Factors for the Generalized Survey Bootstrap

Creates replicate factors for the generalized survey bootstrap method. The generalized survey bootstrap is a method for forming bootstrap replicate weights from a textbook variance estimator, provided that the variance estimator can be represented as a quadratic form whose matrix is positive semidefinite (this covers a large class of variance estimators).

Usage

make_gen_boot_factors(Sigma, num_replicates, tau = 1, exact_vcov = FALSE)

Arguments

Sigma: The matrix of the quadratic form used to represent the variance estimator. Must be positive semidefinite.
num_replicates: The number of bootstrap replicates to create.
tau: Either "auto", or a single number; the default value is 1. This is the rescaling constant used to avoid negative weights through the transformation $\frac{w + \tau - 1}{\tau}$, where $w$ is the original weight and $\tau$ is the rescaling constant tau.
If tau="auto", the rescaling factor is determined automatically as follows: if all of the adjustment factors are nonnegative, then tau is set equal to 1; otherwise, tau is set to the smallest value needed to rescale the adjustment factors such that they are all at least 0.01. Instead of using tau="auto", the user can instead use the function rescale_replicates() to rescale the replicates later.
exact_vcov: If exact_vcov=TRUE, the replicate factors will be generated such that their variance-covariance matrix exactly matches the target variance estimator's quadratic form (within numeric precision).

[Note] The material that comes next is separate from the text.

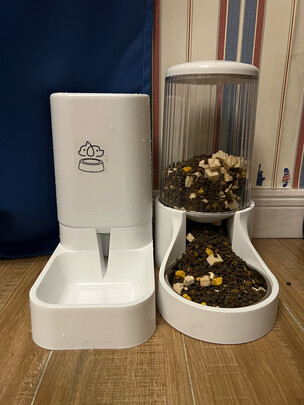 宠物自动喂食器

This is desirable as it causes variance estimates for totals to closely match the values from the target variance estimator. This requires that num_replicates exceeds the rank of Sigma. The replicate factors are generated by applying PCA-whitening to a collection of draws from a multivariate Normal distribution, then applying a coloring transformation to the whitened collection of draws.

Value

A matrix with the same number of rows as Sigma, and the number of columns equal to num_replicates. The object has an attribute named tau which can be retrieved by calling attr(which = 'tau') on the object. The value tau is a rescaling factor which was used to avoid negative weights.

In addition, the object has attributes named scale and rscales which can be passed directly to svrepdesign. Note that the value of scale is $\tau^2/B$, while the value of rscales is vector of length $B$, with every entry equal to $1$.

Statistical Details

Let $v( \hat{T_y})$ be the textbook variance estimator for an estimated population total $\hat{T}_y$ of some variable $y$. The base weight for case $i$ in our sample is $w_i$, and we let $\breve{y}_i$ denote the weighted value $w_iy_i$. Suppose we can represent our textbook variance estimator as a quadratic form: $v(\hat{T}_y) = \breve{y}\Sigma\breve{y}^T$, for some $n \times n$ matrix $\Sigma$. The only constraint on $\Sigma$ is that, for our sample, it must be symmetric and positive semidefinite.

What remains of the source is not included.